Management of irAEs depends on grading of severity, which according to the United States National Cancer Institute Common Terminology Criteria for Adverse Events (CTCAE version 5.0), includes asymptomatic-mild (Grade 1), moderate (Grade 2), severe but not life-threatening (Grade 3), life-threatening (Grade 4), and death (Grade 5). ^12,26,34,35 Management strategies include temporary withdrawal of the ICI and immunosuppressive therapies such systemic corticosteroids, anti-tumor necrosis factor antibodies and mycophenolate mofetil. Supportive care options include hydration, analgesics, antiemetics, antidiarrheals, antihistamines, or hormone replacement therapy. Patients with severe symptoms will require hospitalization and subspecialty consultation such as gastroenterology, hepatology, or endocrinology. ^34,36–39

Resumption of ICI therapy after irAE is associated with recurrent symptoms in a subgroup of patients. A cohort study of more than 24,000 patients demonstrated a recurrence of the same symptoms in 29% of patients following re-challenge with the same ICI. Colitis, hepatitis, and pneumonitis recurred significantly more often compared to other irAEs, whereas adrenal events recurred less commonly. ²³ Patients may also experience a different irAE after discontinuation of ICI for irAE, rather than a recurrence of the same irAE. ¹⁰

Bowel irAEs

Colitis and enterocolitis have been reported in 5–25% of patients treated with ICIs, more commonly with CTLA-4 inhibitors than PD-1 and PD-L1 inhibitors. ^13,26,27,40 Studies of radiographically evident irAE enterocolitis have demonstrated similar incidence of 12–19%. ^5–8 Mortality from toxic megacolon and bowel perforation in the setting of irAE colitis have been reported. ^8,13,26,41

Imaging features of irAE colitis are usually detected on CT or MRI and include wall thickening, mural hyperenhancement, pericolonic fat stranding, mesenteric hyperemia, and fluid-filled bowel. On FDG PET-CT, tracer avidity of the affected bowel is seen. Distribution most commonly reported is pancolitis (Figure 2), but patterns of segmental colitis associated with diverticulosis and isolated rectosigmoid colitis in absence of diverticulosis have also been described. ^{5–8,20,32,42–44}

Figure 2.

(a–c) Pancolitis. 76-year-old female undergoing pembrolizumab therapy for metastatic lung cancer presents with new onset diarrhea and elevated white blood cell count. Abdomen CT with contrast axial (a) and coronal reconstruction (b) images show long segment thickening throughout the colon. Coronal reconstruction image from a followup CT 8 months after cessation of immunotherapy. (c) shows a normal-appearing colon (solid arrows) but enlarging hepatic metastases (dashed arrows).

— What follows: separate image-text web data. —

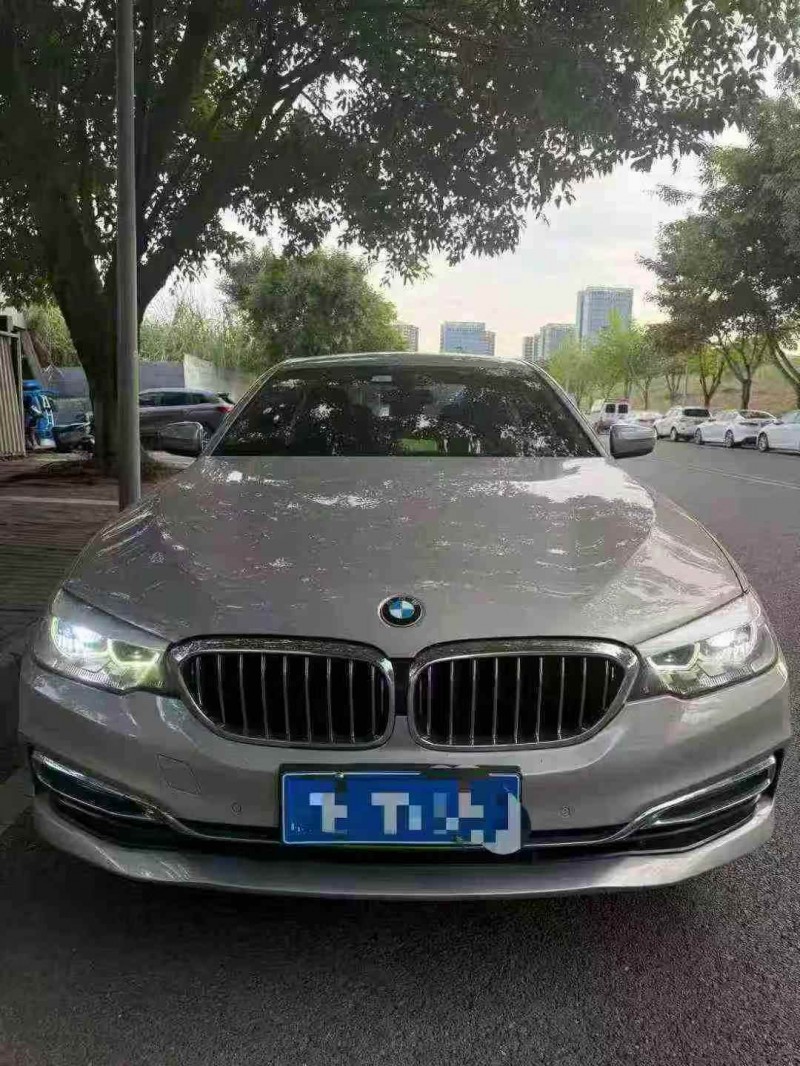 18年重庆市宝马5系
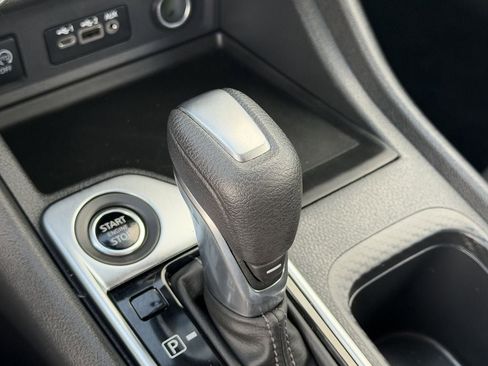 Used 2025 Nissan Sentra SV FWD image 20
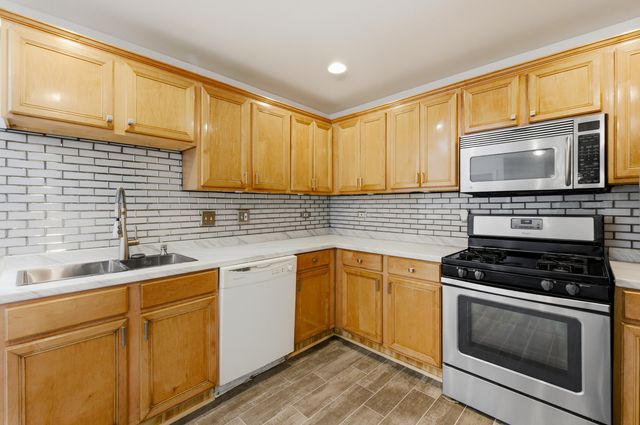 8828 N LESLIE Lane 104D, Des Plaines, IL 60016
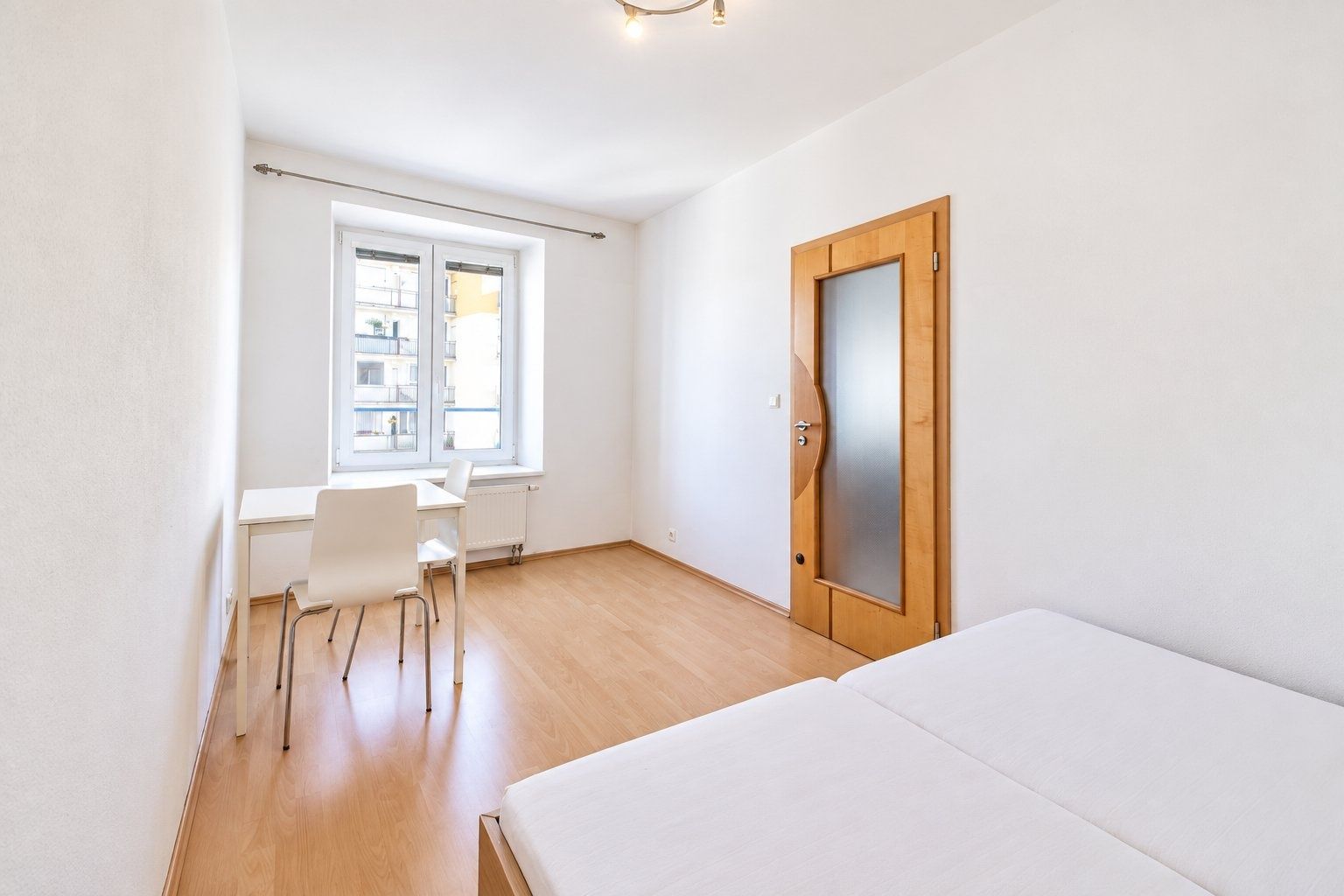 Pronájem bytu 2+kk 53 m², Benešov – náhled fotky 12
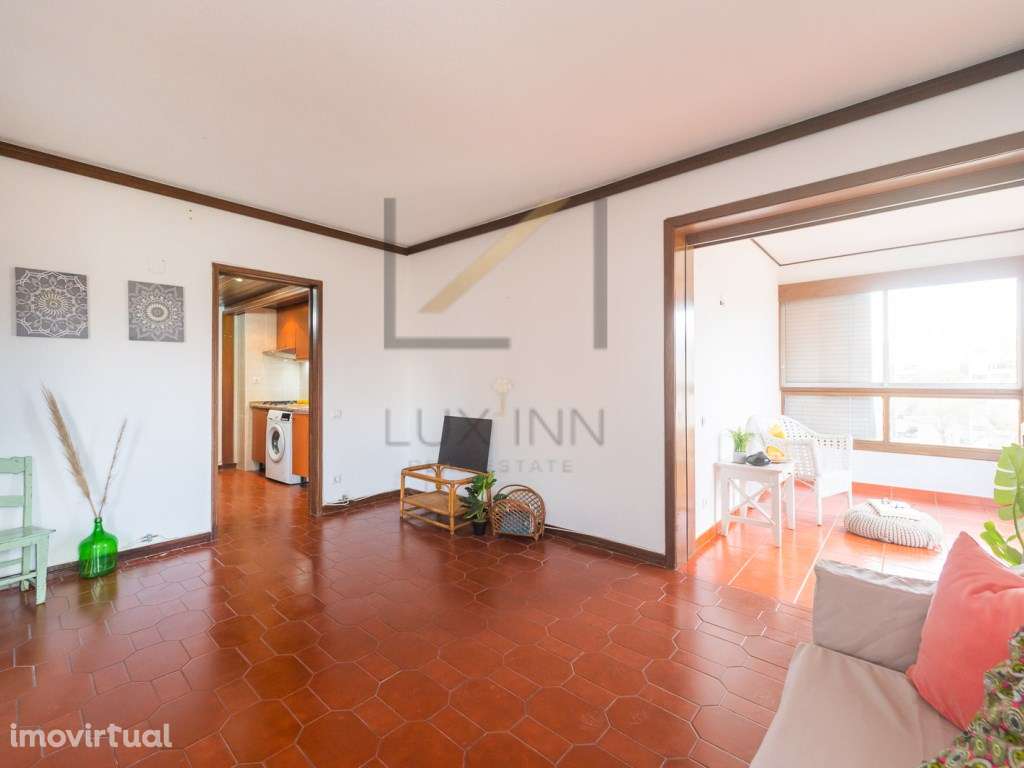 T1 luminoso c/ parqueamento e piscina | Centro S. João Estoril | Pr... - Grande imagem: 3/32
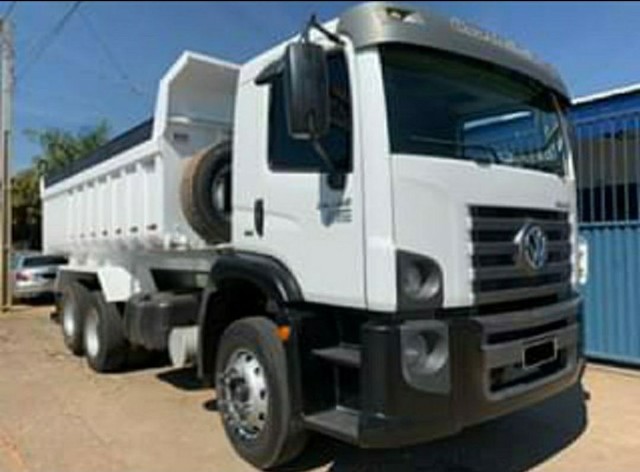 Caminhão VW Constellation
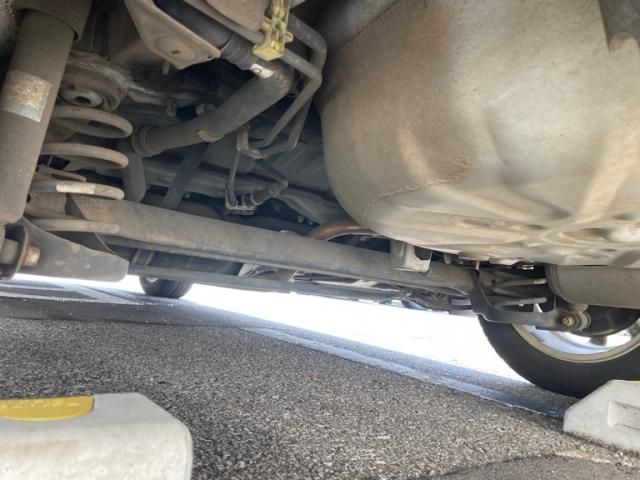 TOYOTA PRIUS ALPHA 2012 Image 31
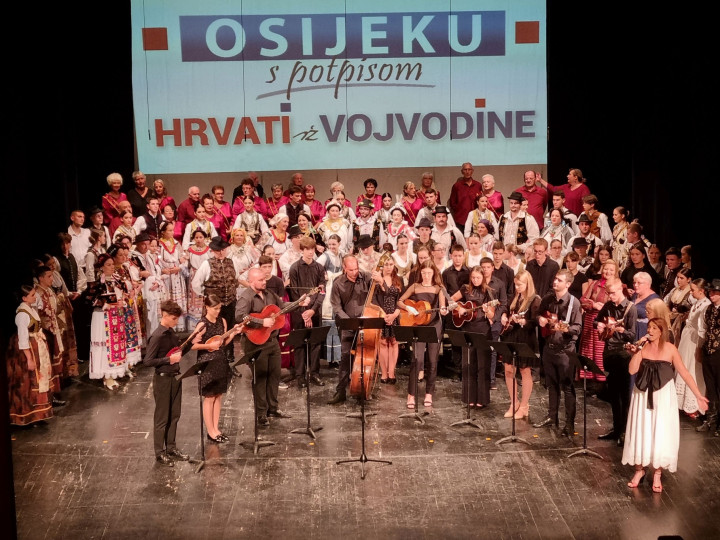 Hrvati iz Vojvodine se predstavili u Osijeku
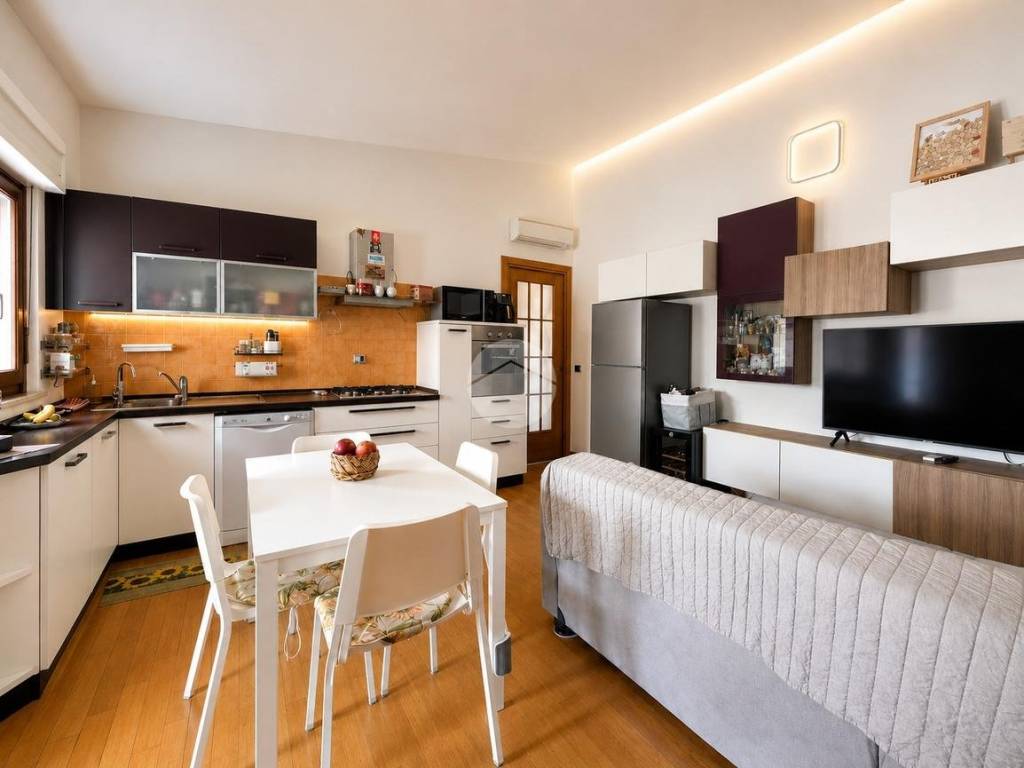 appartamento in vendita a Corbetta in zona Pobbia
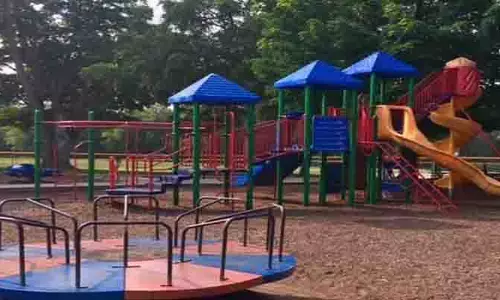 बच्चों के park में तोड़फोड़, राजनीतिक विवाद शुरू बच्चों के park में तोड़फोड़, राजनीतिक विवाद शुरू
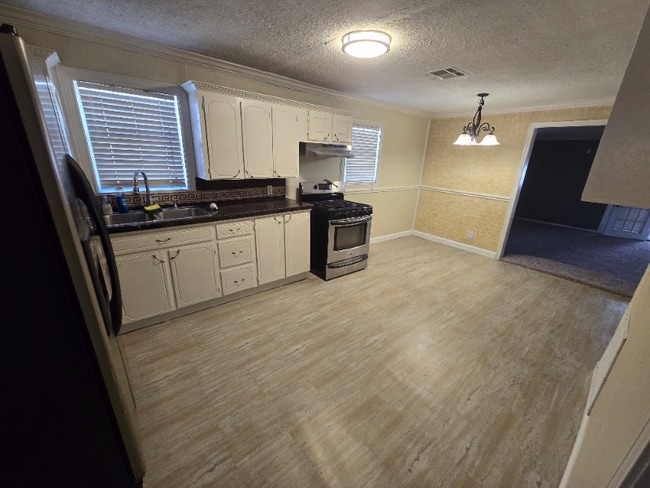 Photo - 2502 Riggan St House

Colitis and diarrhea are the most commonly reported Grade 3–4 irAEs to lead to ICI discontinuation, occurring in up to 9% of patients for each. ¹⁴ Clinical presentation is most often watery diarrhea with abdominal discomfort. Lower gastrointestinal bleeding occurs in 20% of patients with colitis and may require colectomy. ^13,42 Unrecognized enterocolitis and delayed treatment can lead to dehydration, electrolyte abnormalities, and perforation and has been found to be associated with more severe disease. ³³ Although less well documented, cases of enteritis without colitis, gastritis, and esophagitis attributed to ICI-related irAE also occur. ^{13,41,45–47}

Persistent or severe symptoms warrant endoscopic evaluation for histological diagnosis. ⁴⁵ Grossly, the affected bowel may appear friable with ulcers, exudates, granularity, and loss of vascular pattern, but may also in some cases appear normal. Histopathological findings of irAE enterocolitis are variable, but most commonly include intraepithelial neutrophilic infiltrate with increased crypt apoptosis and atrophy. A leukocytic infiltrate in the lamina propria may be seen but granulomas and findings of chronicity are absent. ^31,43,48,49

Hepatic irAEs

Hepatitis is reported in 1–11% of patients on single-agent ICI therapy, more commonly with CTLA-4 than PD-1 and PD-L1 blockade, and in up to 13% of patients on combination CTLA-4 and PD-1 inhibitor therapy. ^{28,29,40,41,46,50} Hepatotoxicity is among the most commonly reported Grade 3–4 irAEs to lead to ICI discontinuation, occurring in up to 8% of patients. ¹⁴ Liver-failure related mortalities due to irAE hepatotoxicity have been reported. ^1,41

Imaging findings in ICI hepatotoxicity include new hepatomegaly. On US, hypoechogenicity with periportal hyperechogenicity and thickening (“starry sky pattern”) has been seen with gallbladder wall thickening (Figure 3a). On CT or MRI, heterogeneous parenchymal enhancement with areas of geographical hypoenhancement, periportal and perihepatic edema, and portal lymphadenopathy have been reported (Figure 3b). ^5–7,51,52 Edema is seen as diffuse parenchymal hypoattenuation on CT or T2 hyperintensity on MRI. While these features are non-specific and can be seen with any etiology of hepatic inflammation, irAE should be suspected in patients undergoing ICI therapy. ⁵³

Figure 3.

(a, b) Hepatitis. 54-year-old male with metastatic lung cancer being treated with pembrolizumab presents with transaminitis. Ultrasound (a) shows a thickened gallbladder wall (calipers). Coronal reconstruction CT image (b) shows enlarged lymph nodes in the porta hepatis (arrows) and fat stranding suggesting inflammation. Non-focal liver biopsy showed checkpoint-inhibitor induced hepatitis. (c, d) Hepatic inflammatory pseudotumor. 74-year­-old female with metastatic lung cancer treated with nivolumab. Axial T2-weighed (c) and delayed phase image after gadoxetate disodium (d) shows a nodule in segments 2 and 3 (arrows) with hepatobiliary uptake of contrast. Focal biopsy showed inflammatory pseudotumor consistent with irAE.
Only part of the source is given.